B - EN EUROPE, DEUX ORGANISMES JOUENT UN ROLE PARTICULIER
Il s'agit du Centre européen de prévention et de contrôle des maladies et de l'Agence européenne des médicaments qui interviennent dans un contexte où les Etats membres conservent des prérogatives importantes en matière de santé.
1. Le Centre européen de prévention et de contrôle des maladies
Le Centre européen de prévention et de contrôle des maladies (CEPCM/ECDC), créé en 1996 sous la forme d'une Agence de l'Union européenne dont le siège est à Stockholm, remplit une double tâche :
- identifier et évaluer les menaces émergentes pour la santé humaine des maladies transmissibles,
- établir, en coopération avec les États membres, des procédures afin de rechercher, recueillir, rassembler et analyser les informations et les données en vue de l'identification des menaces émergentes pour la santé qui pourraient avoir des conséquences sur la santé physique et mentale et qui pourraient affecter l'Union.

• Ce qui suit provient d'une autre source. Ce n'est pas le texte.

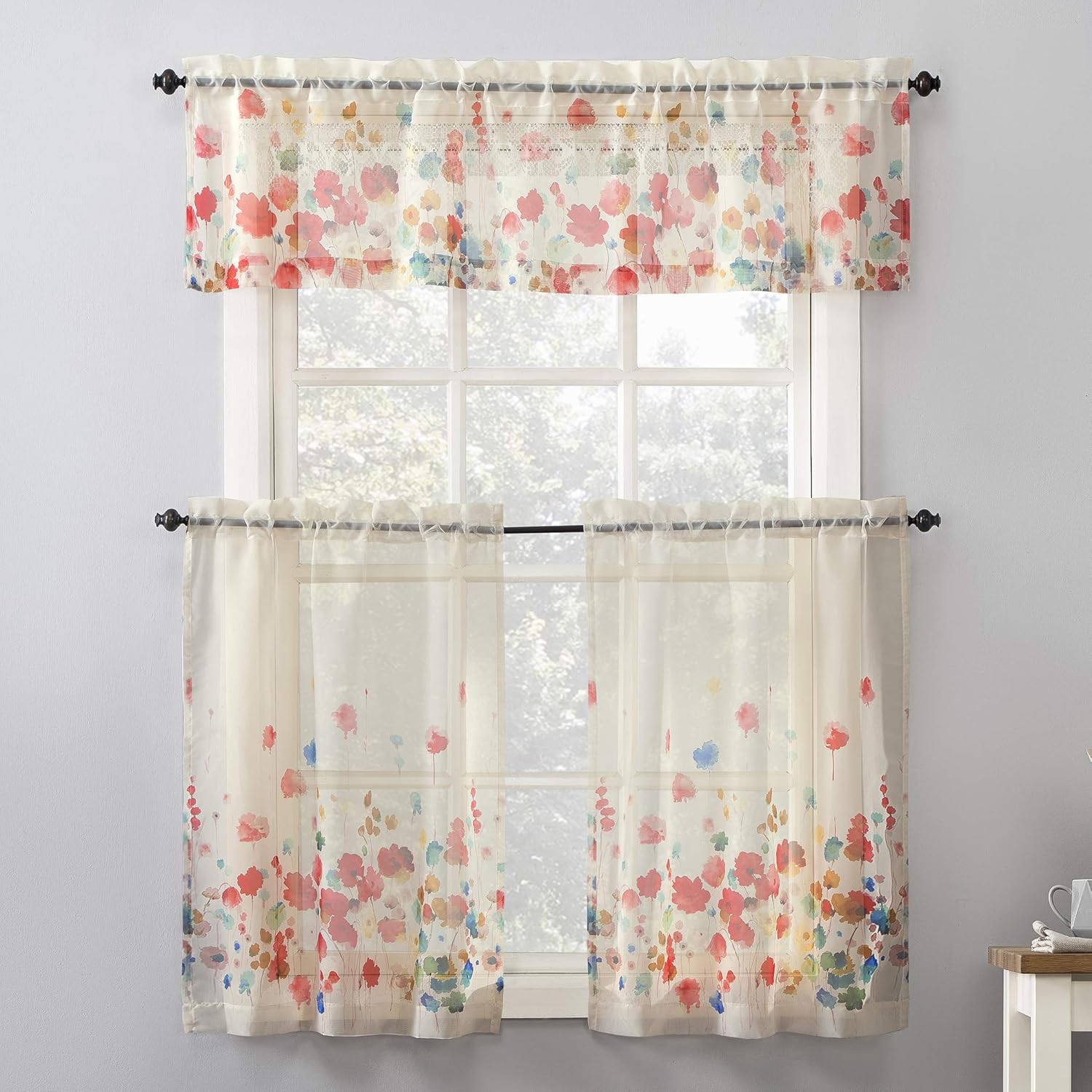 Alternative view of No. 918 Rosalind Watercolor Floral Semi-Sheer Rod Pocket Kitchen Curtain Valance and Tiers Set, 54" x 24", Poppy Red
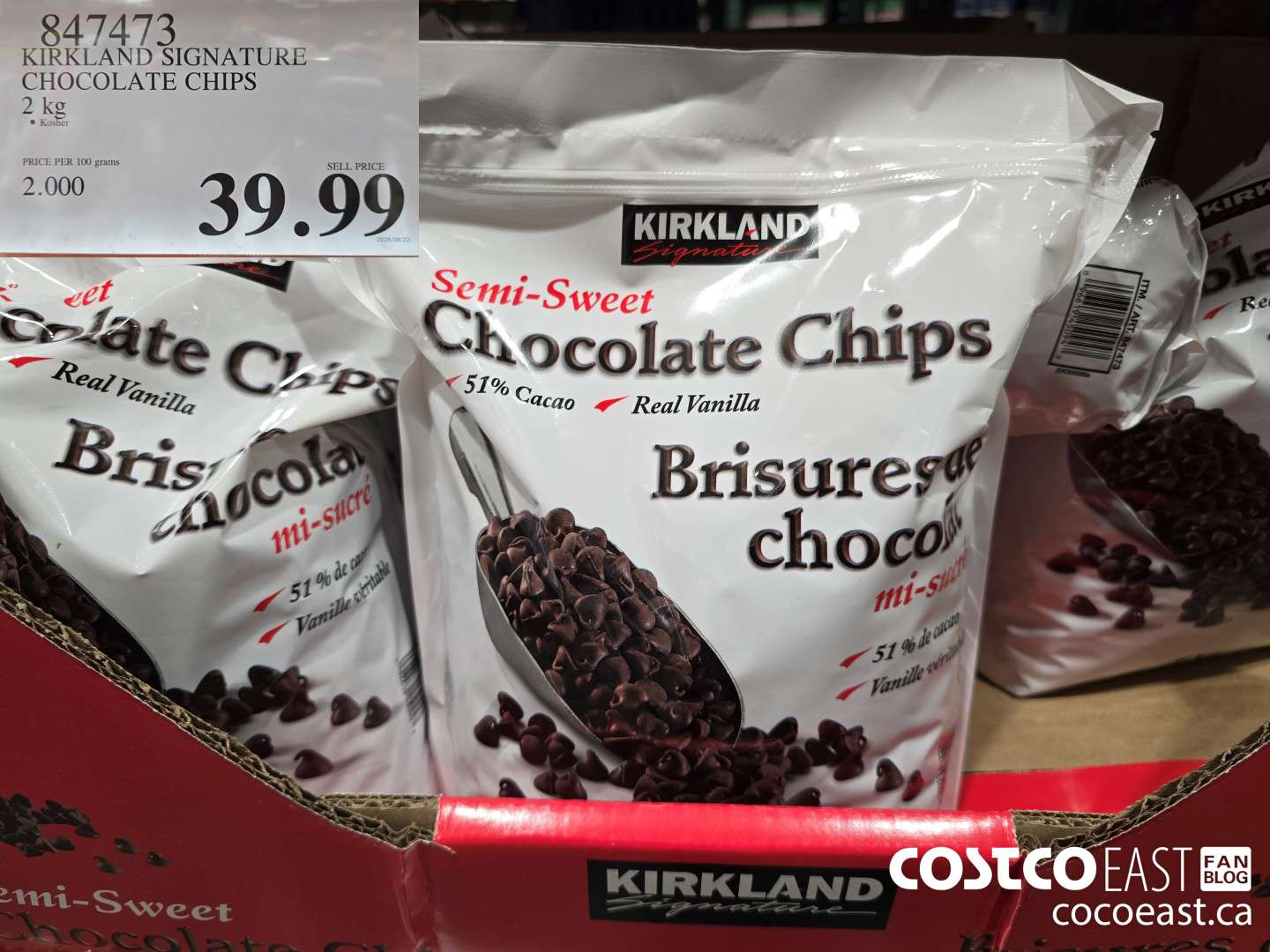 847473 KIRKLAND SIGNATURE CHOCOLATE CHIPS 2 KG $39.99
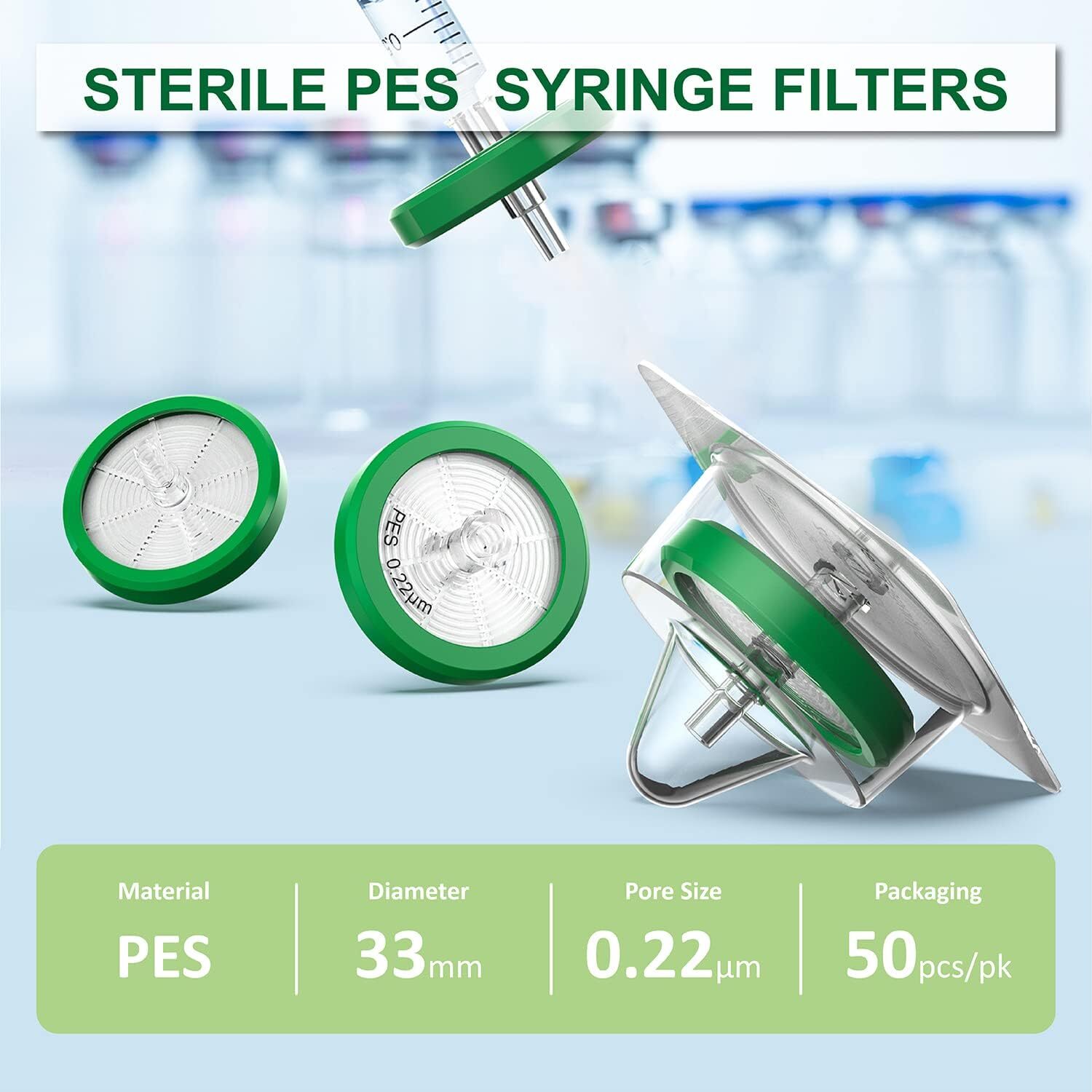 50 Pack Sterile Syringe Filter 33mm 0.22 Micron PES Membrane Hydrophilic Filter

A cette fin, le CEPCM travaille en partenariat avec les organismes nationaux de protection de la santé à travers l'Europe pour renforcer et développer au niveau du continent des systèmes de surveillance des maladies et pour mettre en place des systèmes d'alerte précoce.
2. L'Agence européenne du Médicament
L'EMEA - European Medicines Evaluation Agency ou Agence Européenne du Médicament - , dont le siège est à Londres, est une agence communautaire créée en 1995 qui a pour objectif de protéger et de promouvoir la santé publique et animale à travers l'évaluation et la supervision des médicaments à usage humain et vétérinaire.
Elle est chargée de l'évaluation scientifique des demandes d'autorisation européennes de mise sur le marché des médicaments. Lorsqu'il est recouru à sa procédure centralisée, les sociétés ne soumettent à l'EMEA qu'une seule demande d'autorisation de mise sur le marché.
Elle suit par ailleurs la sécurité des médicaments grâce à son réseau de pharmacovigilance. Elle prend des mesures appropriées lorsque des rapports d'effets indésirables suggèrent des changements au niveau de l'équilibre bénéfice/risque d'un médicament. En ce qui concerne les médicaments vétérinaires, l'Agence est chargée de définir des limites sûres pour les résidus médicamenteux contenus dans les aliments d'origine animale.
L'Agence joue également un rôle dans la promotion de l'innovation et de la recherche dans l'industrie pharmaceutique. L'EMEA fournit aux sociétés des avis scientifiques et une assistance au niveau du protocole pour la mise au point de nouveaux médicaments. Elle publie également des directives sur les exigences en matière de tests de qualité, de sécurité et d'efficacité. Un bureau dédié créé en 2005 fournit une assistance spéciale aux petites et moyennes entreprises (PME).
L'Agence approuve les nouveaux médicaments et les nouveaux vaccins, mais c'est la Commission européenne qui est la seule habilitée à autoriser la mise en vente de ces produits lors de la procédure d'autorisation de mise sur le marché, l'AMM.